2.6 Geometrical Aspects

Distance

Let $x,y\in \mathbb{R}^p$. A distance $d$ is defined as a function

\begin{displaymath}d: \mathbb{R}^{2p}\to \mathbb{R}_+ \quad \textrm{which fulfil...
...(x,y)\le d(x,z)+d(z,y) & \forall x,y,z\\
\end{array}\right. . \end{displaymath}

A Euclidean distance $d$ between two points $x$ and $y$ is defined as

\begin{displaymath}
d^2(x,y)=(x-y)^{T} \data{A}(x-y)
\end{displaymath} (2.32)

where $\data{A}$ is a positive definite matrix $ (\data{A}>0) $. $\data{A}$ is called a metric.

EXAMPLE 2.10   A particular case is when $\data{A}=\data{I}_p$, i.e.,
\begin{displaymath}
d^2 (x,y)=\sum_{i=1}^p {(x_i-y_i)}^2.
\end{displaymath} (2.33)

Figure 2.1 illustrates this definition for $p=2$.

Note that the sets $E_d=\{x \in \mathbb{R}^p \mid (x-x_0)^{\top}(x-x_0)=d^2 \}$ , i.e., the spheres with radius $d$ and center $x_0$, are the Euclidean ${\data{I}}_p$ iso-distance curves from the point $x_0$ (see Figure 2.2).

Figure 2.1: Distance $d$.
\includegraphics[width=0.7\defepswidth]{fig341.ps}

Figure 2.2: Iso-distance sphere.
\includegraphics[width=0.7\defepswidth]{fig342.ps}

The more general distance (2.32) with a positive definite matrix $\data{A} \ (\data{A}>0)$ leads to the iso-distance curves

\begin{displaymath}
E_d =\{ x \in \mathbb{R}^p \mid (x-x_0)^{\top}\data{A}(x-x_0)=d^2 \},
\end{displaymath} (2.34)

i.e., ellipsoids with center $x_0$, matrix $\data{A}$ and constant $d$ (see Figure 2.3).
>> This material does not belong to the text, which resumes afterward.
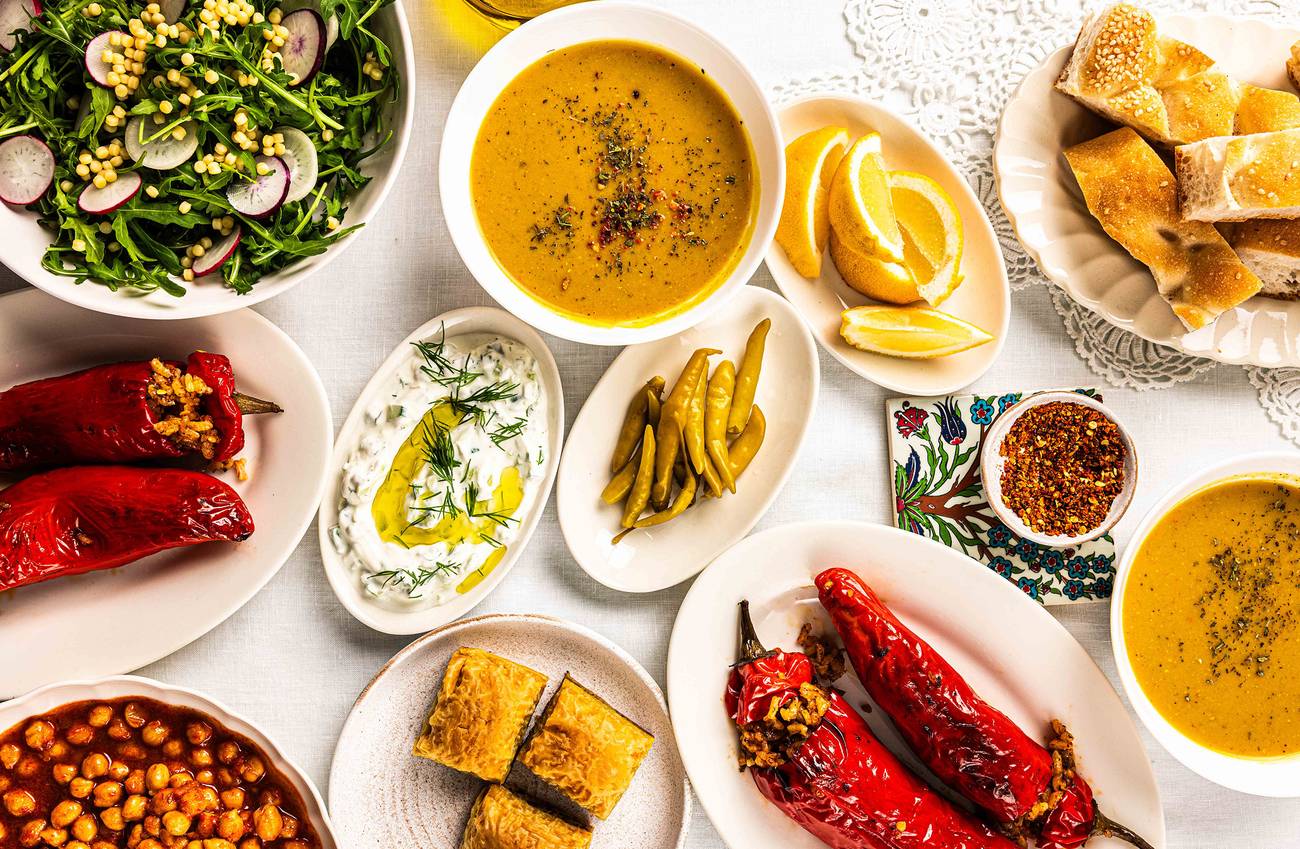 A top view of a table filled with various dishes, including stuffed red peppers, lentil soup, a sala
Figure 2.3: Iso-distance ellipsoid.
\includegraphics[width=1.4\defepswidth]{fig343.ps}

Let $\gamma_1 , \gamma_2 ,..., \gamma_p$ be the orthonormal eigenvectors of $\data{A}$ corresponding to the eigenvalues $\lambda_1 \ge \lambda_2
\ge ... \ge \lambda_p$. The resulting observations are given in the next theorem.

THEOREM 2.7  
(i)
The principal axes of $E_d$ are in the direction of $\gamma_i ; \
i=1,\ldots,p$.
(ii)
The half-lengths of the axes are $\sqrt{ \frac{d^2} {\lambda_i} }$; $i = 1,\ldots ,p$.
(iii)
The rectangle surrounding the ellipsoid $E_d$ is defined by the following inequalities:

\begin{displaymath}
x_{0i} - \sqrt{d^2 a^{ii}} \le x_i \le x_{0i} + \sqrt{d^2 a^{ii}},
\quad
i=1,\ldots,p,
\end{displaymath}

where $a^{ii}$ is the $(i,i)$ element of $\data{A}^{-1}$. By the rectangle surrounding the ellipsoid $E_d$ we mean the rectangle whose sides are parallel to the coordinate axis.

It is easy to find the coordinates of the tangency points between the ellipsoid and its surrounding rectangle parallel to the coordinate axes. Let us find the coordinates of the tangency point that are in the direction of the $j$-th coordinate axis (positive direction).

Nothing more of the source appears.